Saturday, October 6, 2012

The Bird Had It

Every weekday for the last couple months, every since I moved to the city where the night lights hide the stars, I've had to walk past an Obama campaign office.  I've mused over the little figures of the man and the woman, spray painted onto ye olde style sidewalk in blue and pink, and stylized in that oh-so-familiar way; and I've wondered whether they came with the campaign or were inherited from an earlier occupant of the office.  I've side-stepped to avoid the chalked arrows (also pink and blue, if less highly stylized—an arrow is to begin with that much less complex than a human being to begin with) and chuckled inwardly when the fall rains washed them out every evening after dark.  The arrows lead from the street back into the alley where the office door is located and, along with their obvious ephemorality and with the presence of the little man and the little woman, called to mind the story of Hansel and Gretel.  It was hard not just to taste the windows of the office; I suspected them of being sweet, and I was quite sure that the copy machine made gingerbread men.

That was last week.  This week I found a dead chickadee on the sidewalk.  It was lying on its side, pitifully small and damp, washed up in the same diluvian rain that had wiped out the chalked arrow signs.  I thought it was an omen—of what, I wasn't sure.

Well, now I know.


How did this happen?  In ten reasons or less:

1. Red Striped Tie was clearly going to dominate the Blue Spotted Tie.  They lied to you in school: in political terms blue is a girl's color, a liberal color (and recently reported psychological research has identified the liberal personality as more feminine [and the libertarian as more masculine {which should suprise no one (and makes conservativsm the happy medium [and we all know what Aristotle would say about that])}]).  Red is just more forceful, more type A; red stripes are supremely so.  The only thing Obama could have done worse would have been to pull out the Earth Tones.

2. Romney began with a plan.  Obama began with—remind me again?  Oh yes, with a shoutout to the First Lady, of which more later.

3. Romney likes Big Bird; Obama likes Obamacare.

4. Romney smiled; Obama smirked; Romney gazed; Obama shied.

5. Romney corrected Obama, while Obama attacked Romney.  Each was critical of the other, but the way they criticized each other was different.  Underdogs attack; professors correct.  Which leads me to the next point, namely ...

6. Obama got schooled on economics.  It doesn't matter much for the analysis of the debate whose version of the Wall Street debacle was correct: Romney had a coherent narrative about what happened, while Obama had negative comments.  In fact, Romney's narrative overall was more encompassing, as was especially evident in the way ...

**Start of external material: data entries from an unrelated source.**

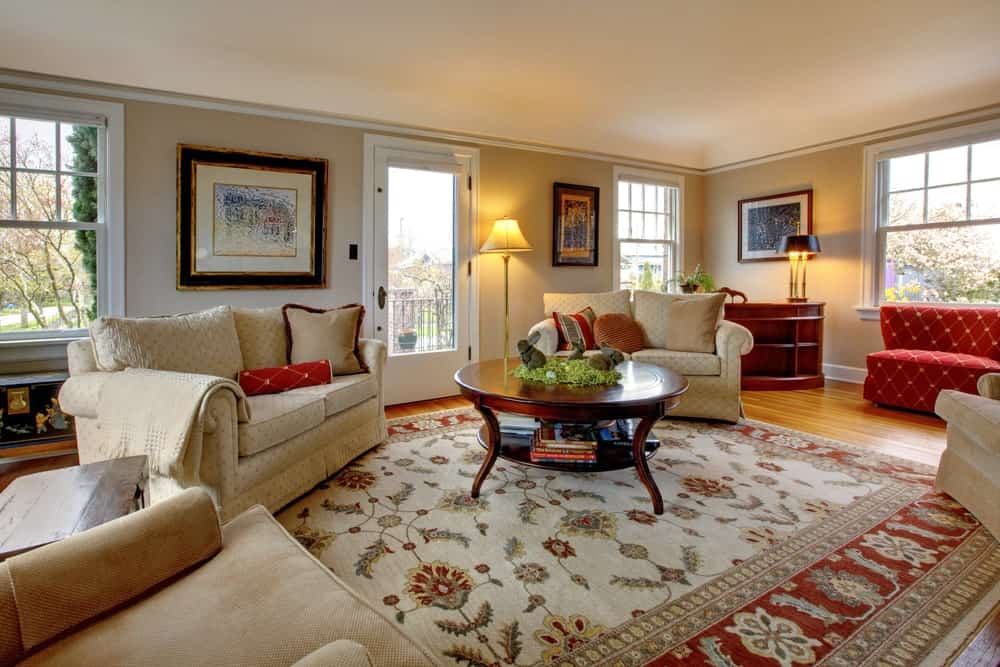 Large living room with beige walls along with red shade. The rug looks classy together with the seats and center table. The warm white lights look so gorgeous.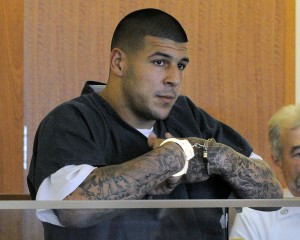 Former New England Patriots football tight end Aaron Hernandez stands during a bail hearing in Fall River Superior Court in Fall River, Mass. (AP Photo/Boston Herald, Ted Fitzgerald, Pool)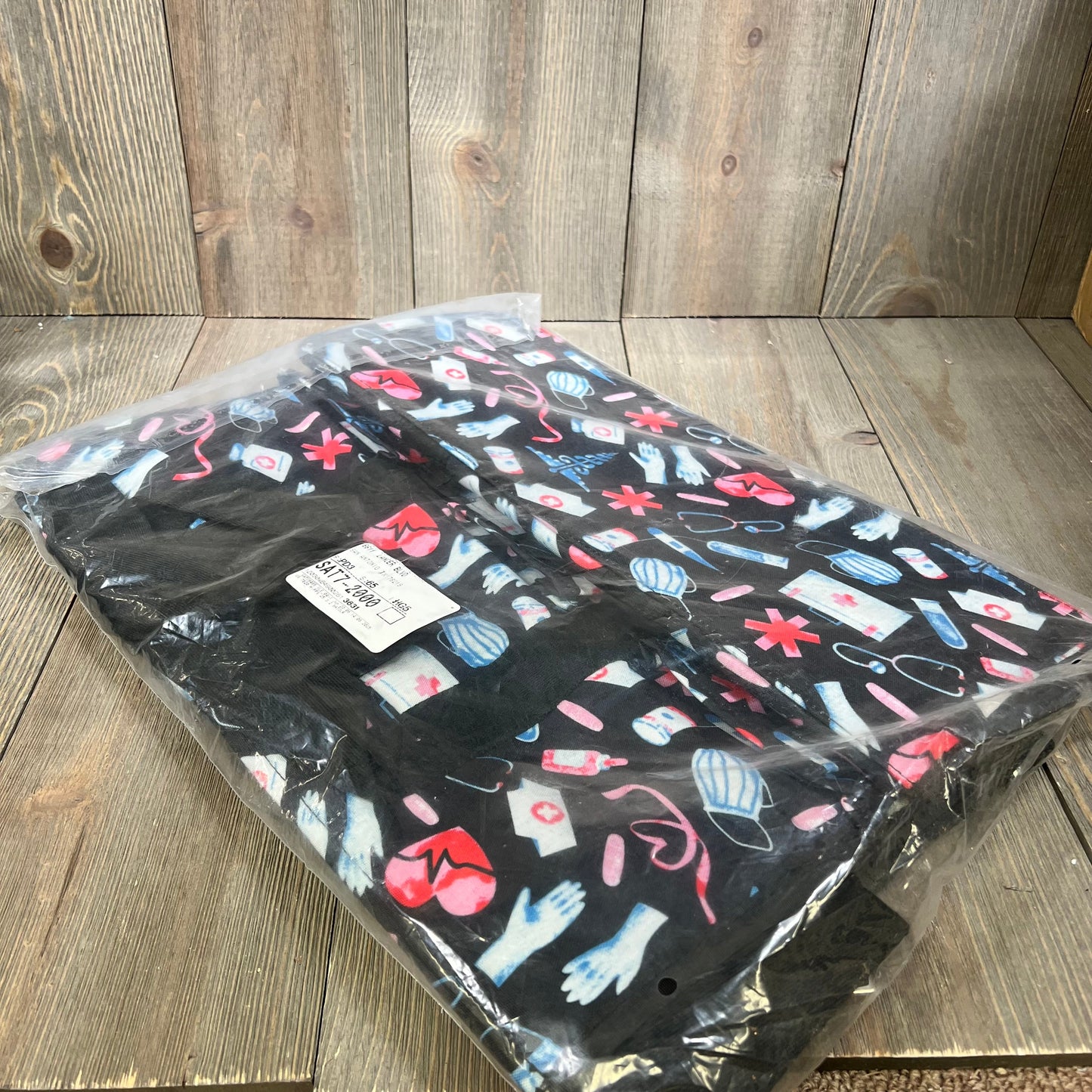 Waterproof nurse bag with colorful medical-themed print, perfect for nursing students. Multiple pockets for easy organization.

7. Romney reached out to the other side.  Both men claim to be good at the bipartisan thing; and again, one can agree or disagree about the wisdom, prudence, and nobility of professing that attitude.  But Obama simply makes the claim that he is, has been, or will be bipartisan.  Romney spoke in a bipartisan way, admitting the necessity of regulations, educational systems, health care, etc.  You the Liberal might not have liked his policies of federalism, but you felt at least that he understood and cared about the things that concerned you.  He embraced your issues.

8. Romney won the Best Description of how to be bipartisan as well.  Obama: "A fight we needed to have."  Romney: "Not because we're going to compromise our principles, but because we have common ground. ... Both love America."

9. At the same time, Romney kept the conservative rhetoric.  "Too Big to Fail" was a great, damning line to use.  The China critereon ("Is the program so critical that it's worth borrowing money from China to pay for it?") was even better.

10. But the real reason Obama lost was that he was unhappy.  You didn't have to look hard to see it—it was just there, written all over him.

Why?  Thursday morning the Office Receptionist and I mused over the coffee pot.  Specifically, we mused over Obama's appropriately uxorious reference to his wedding anniversary, and his promise to his wife: "Next year we won't be celebrating it in front of forty million people."  We mused, and we imagined.  We imagined the conversation that went on in the White House Sunday night.
"You mean to tell me you are the leader of the Free World, and you can't move the debate to Tuesday night?"

No offense to the lady: I probably would have said the same.